The nurse who talked to me at first was SO NICE too. She explained how moderate moles should be removed, but they don't always progress to anything bad! It could be fine, but they are removing it as a precaution. Already I was feeling better.

Then the doctor came in and gave me another full body scan (which was much more thorough than the other one!), which insurance won't pay for, but I don't care! He checked everything and explained to me why the "bad mole" is itchy - I'm having a slight allergic reaction to the antibiotic they used. No biggie!

He also explained all moles are SOMETHING. If they were to biopsy a perfectly perfect mole, it would come back "minor."  He also reassured me that even severe moles don't always progress to something worse. He also told me the scale goes:
minor
moderate
severe
pre-cancer
cancer
melanoma
I felt so much better!
I am like 5 levels away from where I thought!

He also took the time to explain what the other things on my body were that I was concerned about - a new mole on my shoulder that is itchy, and another thing that I was worried about on my leg, which he gave me a pamphlet on - it isn't a mole, and it's benign and always will be benign.
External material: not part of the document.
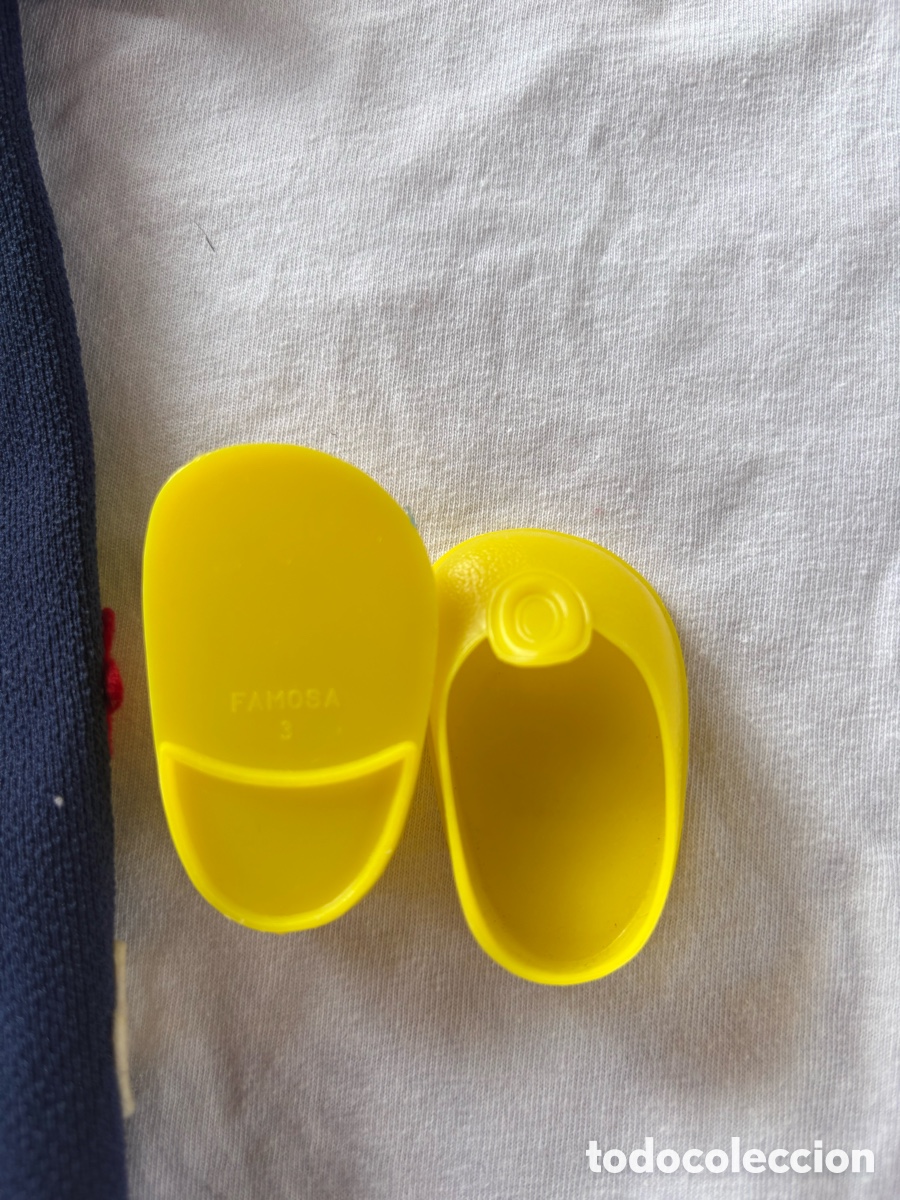 Mu&ntilde;ecas Nancy y Lucas: Zapatos amarillos Nancy originales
They saw I was a crying mess and they were so sweet to me!  I just needed them to take FIVE MINUTES to talk with me and explain what was going on.  I really wasn't in there long at all.
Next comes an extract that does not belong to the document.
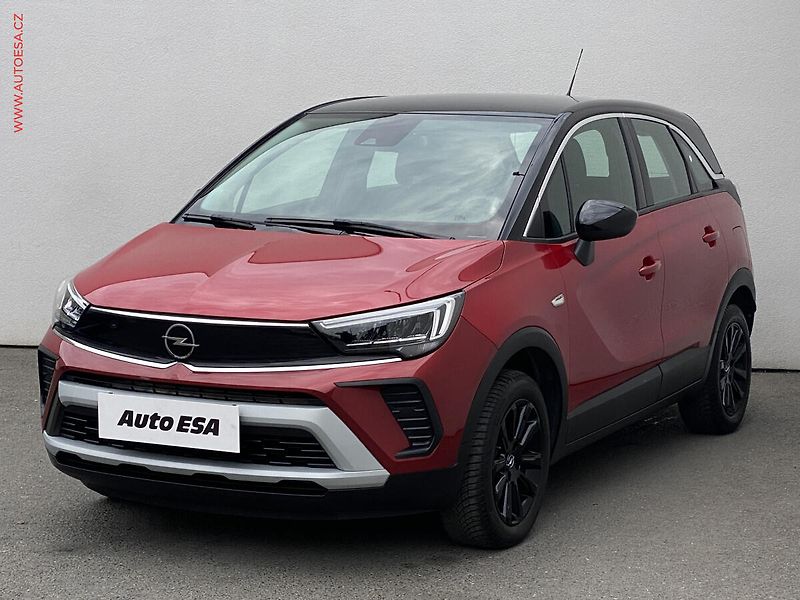 Opel Crossland (2023) 1.2 T, Elegance, LED, kamera - fotka 3 z 17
I made an appointment for next week for them to remove the "bad mole" and he will cut off the one I don't like while he is in there (the big one on my back that sticks way out - he said that mole is perfectly perfect - it's beautiful - but he'll remove it if I want because it's uncomfortable and gets caught on things.  Gross!  lol). It's a super fast procedure and it's only local anesthesia, so I can drive myself and everything. I go back a week after that to have the stitches removed.

Praise God!!  I KNOW He opened up that cancelation so I could get in so quickly.  He loves me so much and I am so grateful.

Comments

Vicky said…
Oh, my sweet Jessica! I am sooooo sorry you had to go through that first doctor who "terrorized" you! Those types of doctors should NOT be doctors! I'm soooo glad the Lord opened up the door for you to go right through to see your mom's doctor! Praise His name! We will pray that removal will END the whole ugly process for you! Love you!
jeday0323 said…
Thank you so much, Mom! I really was not being dramatic at all - I have become more level headed than I have ever been. But that was really scary!!! Like we both said, PRAISE GOD for opening that appointment for me! He had it all planned out the whole time. Satan didn't like us following God making this move to Alabama. Satan doesn't like my anxiety being super low during this process because I am seeking God more than ever. He wanted to frighten me. He wanted to separate me from God and make me mad at Him. But God is bigger, stronger, and always wins. And this was a great lesson in that. :-)

Not to mention, I am much more educated about my moles and will forever go every 6 months to stay as healthy as I can. I wish I started years ago! I hope I can get Michael to go. The doctor said I should have Kara looked at regularly starting now because she has melanoma in her family history.
Unknown said…
SO GLAD you got a new doc!!! I agree, those people shouldn't be docs!!!